Monday, February 16, 2009

AWP & Virginia

I'm in a motel room in Vienna, Virginia armed with Whole Foods snacks, having spent the day at Arden Courts, Fairfax, with my mother. As I'm not big on small talk and she does not talk much at all, it was a visit mainly of sitting side by side, sometimes watching an odd film called _Mesmerized_, a kind of Australian western with Jodie Foster in it. The film must have restarted itself, because it went on hour after hour. Foster brandished scissors, read from a medical text to her broad accented husband, walked the beach with another man; I walked out of the room when the husband was having teeth pulled in 19th century fashion, no pain killers.

_Dementia Blog_ will have no sequel, because Alzheimer's has none. There are many new residents, and several I miss because, as the staff says, they "have passed" or been moved (in the case of the woman with the remarkably devoted husband whom I saw every previous time I visited). But the behaviors and the conversations sound remarkably the same. One newer resident plucks invisible stuff off the carpet; he handed some of it to my mother, who opened her hand and accepted it. Another speaks in a kind of stutter; she says the same word several times in a row and then moves to the next (repetition within sentences like the repetitions of the disease itself). So she says, "no no no" followed by "yes yes yes" and refused to eat, though she kept chopping at the gravied turkey. Her son waited behind the wall because he didn't want to interrupt her lunch. Another woman chants nursery rhymes, sings about how hard it is to get up in the morning, and burst forth with a song in what I'm pretty sure was Yiddish.

I spoke with members of the staff, including the new marketing person who went to a high school reunion and met an old friend from Alexandria (blonde Irish) who lives in Mililani works in the fire department and sends his daughter to Kamehameha (the pronunciations were left to me). We talked about Hawai'i's racial politics and Obama. She had visited Hawai'i and wondered if there were any black people there (the staff at Arden Courts, including her, is almost all African American or African immigrant), Lots of Obama stickers in northern VA and one I saw that referred to Operation Quagmire. Another new member of the staff said she had not attended school as a child in Somalia because of the civil war, but that a wonderful teacher in Alexandria had helped her when she was plunked down in an intermediate school classroom.

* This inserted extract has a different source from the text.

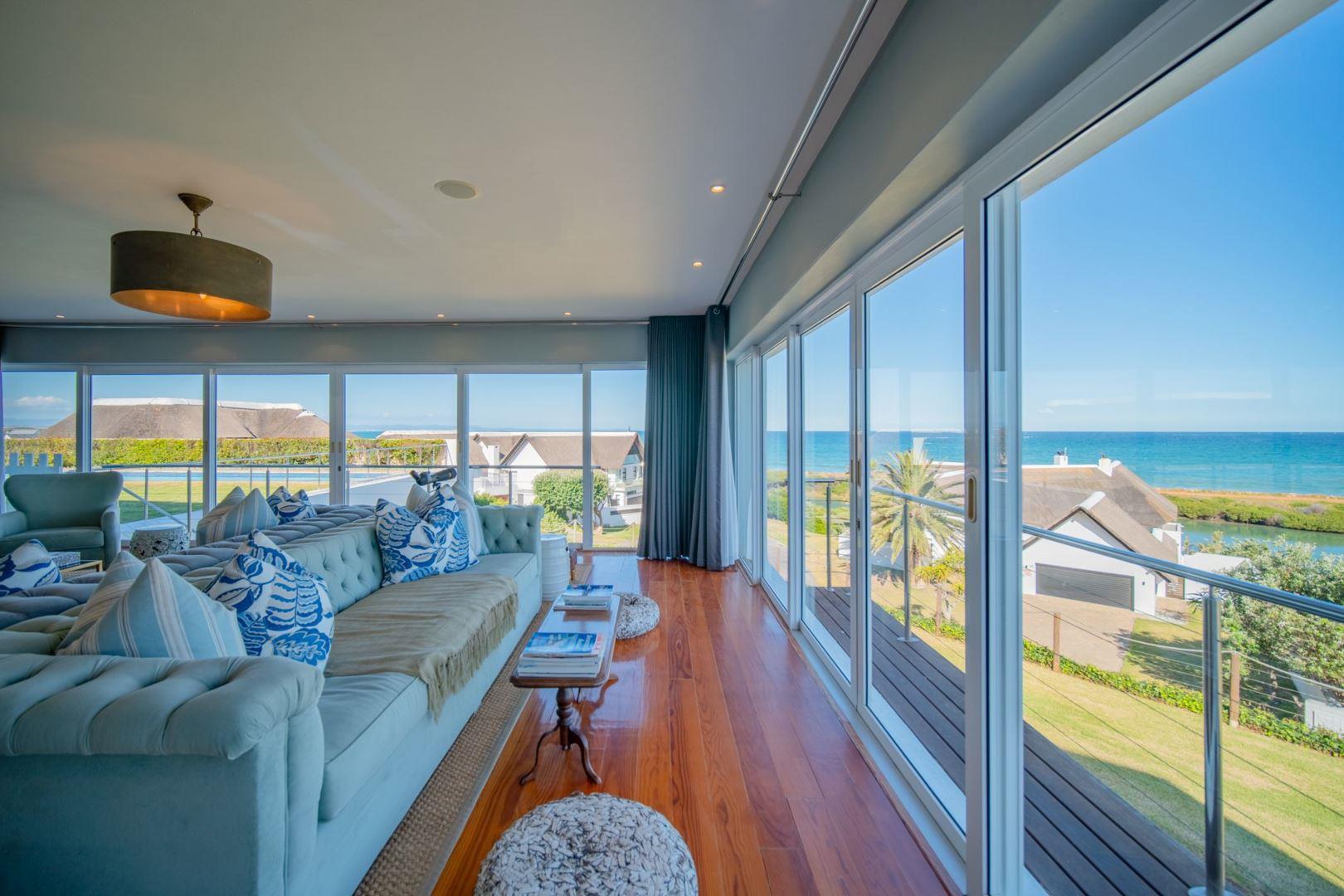 7 Bedroom House for sale in Canals 30 Praslin Reach P24112127984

AWP was for me mostly the book fair, the Tinfish table and much wandering. Saw some good friends and met a new Cards fan; soon we'll have quite an AWP interest group. Jade Sunouchi and Meg Withers held the fort often, and we were sandwiched between Craig Perez and Jennifer Reimer on the one side, and Bill and Lise Howe on the other. A staggering number of presses engaged in an inventory of glut, which met the economy of recession with some discomfort.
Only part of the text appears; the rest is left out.